In more general sense , I want to ask that is taking log same as simple arithmetic operators that we do like (int a + int b) or the computer has to go some rigorous procedure within?
This answer is only dealing with non-negative numbers, but it should be easy to make it work for negative numbers too. It also assumes 64 bit numbers are used.
I would never use log10 to calculate the number of digits. Because of the following reasons:
If you want a one-liner, I would go with the simple: ("" + number).length()
You could repeatedly divide the number by 10 to get the result, but @YvesDaoust pointed out that multiplication is much faster.
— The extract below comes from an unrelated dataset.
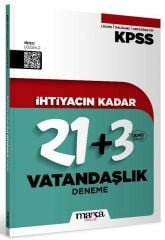 Marka KPSS Lisans Ön Lisans Lise Ortaöğretim Vatandaşlık İHTİYACIN KADAR 24 Deneme Çözümlü Marka Yayınları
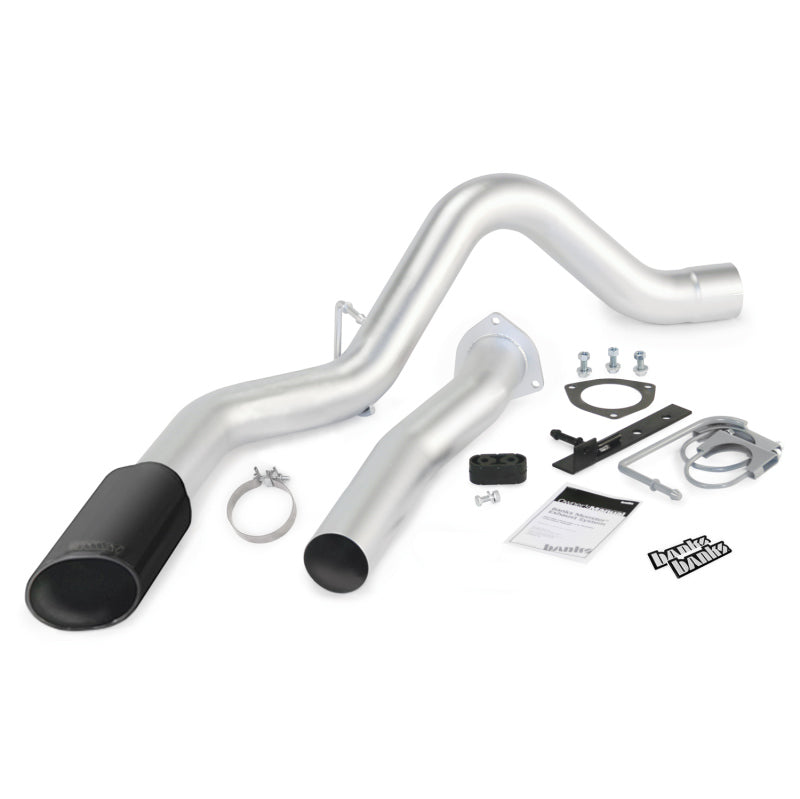 Banks Power 07-10 Chev 6.6L LMM ECSB-CCLB Monster Exhaust System - SS Single Exhaust w/ Black Tip 47784-B 47784-B Photo - Primary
Here would be a simple implementation:
// Java implementation, the highest long is about 9.2e18, so 19 digits
public int countDigits(long number) {
if (number >= 1000000000000000000L) // otherwise n would overflow
return 19;
int count = 1;
for (long n = 10;; n *= 10) {
if (number < n)
return count;
count++;
}
}
But if the expected numbers are evenly distributed, then we would have to check the most digits first and go backwards. This is because there are 10 numbers with 1 digit, 90 numbers with 2 digits, 900 with 3, 9000 with 4 and so on.
We can also precalculate the numbers. This would give something like this:
private static final long[] digitCount = new long[18];
static {
digitCount[0] = 10;
for (int i = 1; i < 18; i++) {
digitCount[i] = digitCount[i - 1] * 10;
}
}
public int countDigits(long number) {
for (int i = 17; i >= 0; i--) {
if (number >= digitCount[i])
return i + 2;
}
return 1;
}